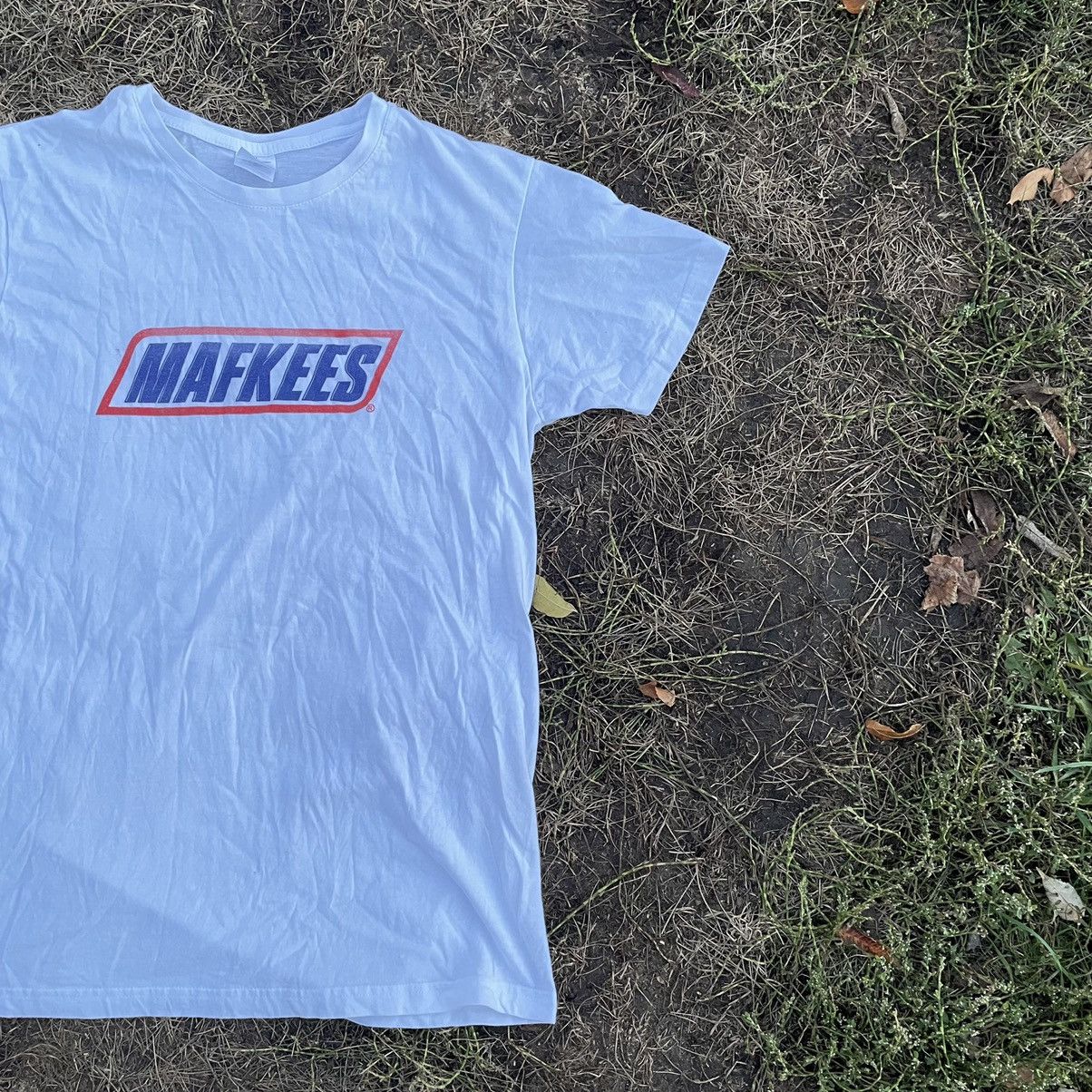 Vintage Vintage Y2K Mafkees Sun Faded Graphic Tee Streetwear Slim M Size US M / EU 48-50 / 2 - 3 Thumbnail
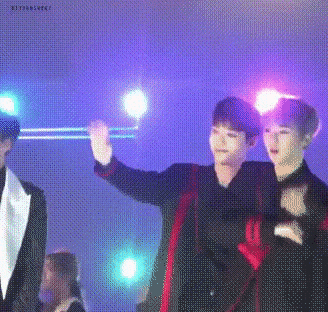 저 송민호 블핑 사진 찍어준 거 ㄹㅇ 웃긴게 | 인스티즈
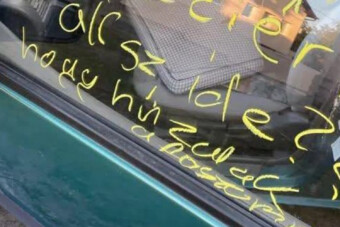 Ideges üzenetet firkáltak egy magyar autós ablakára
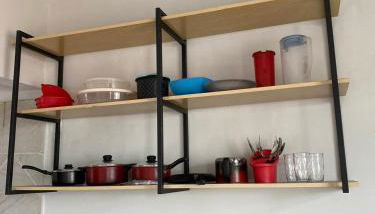 Kitnet com cozinha e ventilador - 2 andar - Foto 3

- [What is being asked]
Write every line of the data out again exactly, leaving out all images.

- [Reply]
 Vintage Vintage Y2K Mafkees Sun Faded Graphic Tee Streetwear Slim M Size US M / EU 48-50 / 2 - 3 Thumbnail
 저 송민호 블핑 사진 찍어준 거 ㄹㅇ 웃긴게 | 인스티즈
 Ideges üzenetet firkáltak egy magyar autós ablakára
 Kitnet com cozinha e ventilador - 2 andar - Foto 3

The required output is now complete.